I find the idea of using RC as a form of incentive weird considering RC "value", both current and historical. There is no "RC economy", operations on chain are basically free. It only serves as a safety mechanism, to prevent individual users from attacking the network. In practice most users never run out of RC, even rank 0 (free) accounts drop their RC level dangerously low in less than 5% of cases. For rank 3 accounts (minnows, like me) that are dominant in on chain activity, it is not even half of basis point.

curl --request POST --url https://api.hive.blog/ --header 'Content-Type: application/json' --data '{"jsonrpc":"2.0","method":"rc_api.get_rc_stats","params":{},"id":1}' | jq ".result.rc_stats.payers"
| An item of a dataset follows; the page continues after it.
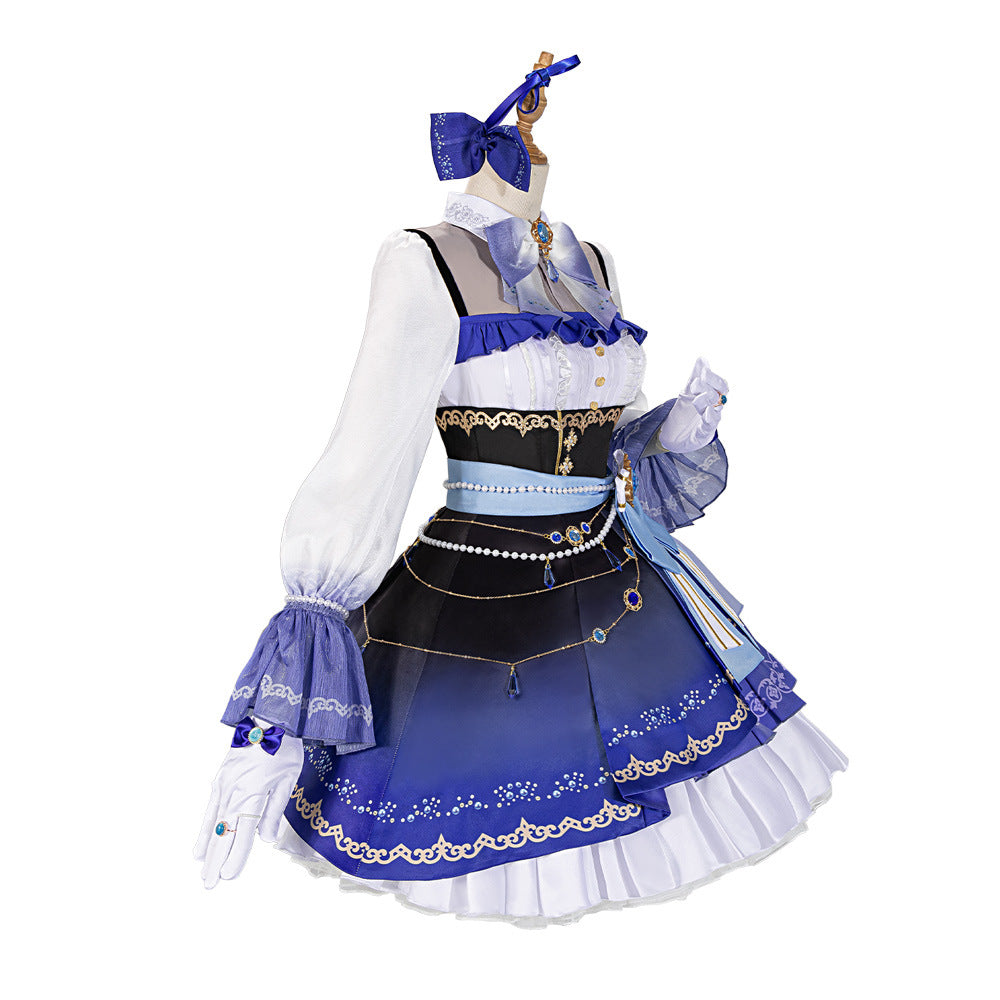 BanGDream RAISE A SUILEN Asahi Rokka 2D Cosplay Anime Game Costume for Cosplay Enthusiasts - Halloweez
It is not to say that everyone can do everything. Some operations, even posting lengthy article, can be too much for free accounts, to create new account you need to be at least rank 1 (but many people graduate to rank 1 after claiming rewards from their introductory post), to think about claiming free account tokens you need to be rank 4 (dolphin).

Free account tokens are pretty much the only thing that has some monetary value and could serve as form of incentive. The problem is, it would be unsustainable if actually used. Even now the account token resource pool is kept between 5 and 10% of the equilibrium level.

curl --request POST --url https://api.hive.blog/ --header 'Content-Type: application/json' --data '{"jsonrpc":"2.0","method":"rc_api.get_resource_pool","params":{},"id":1}' | jq ".result.resource_pool.resource_new_accounts"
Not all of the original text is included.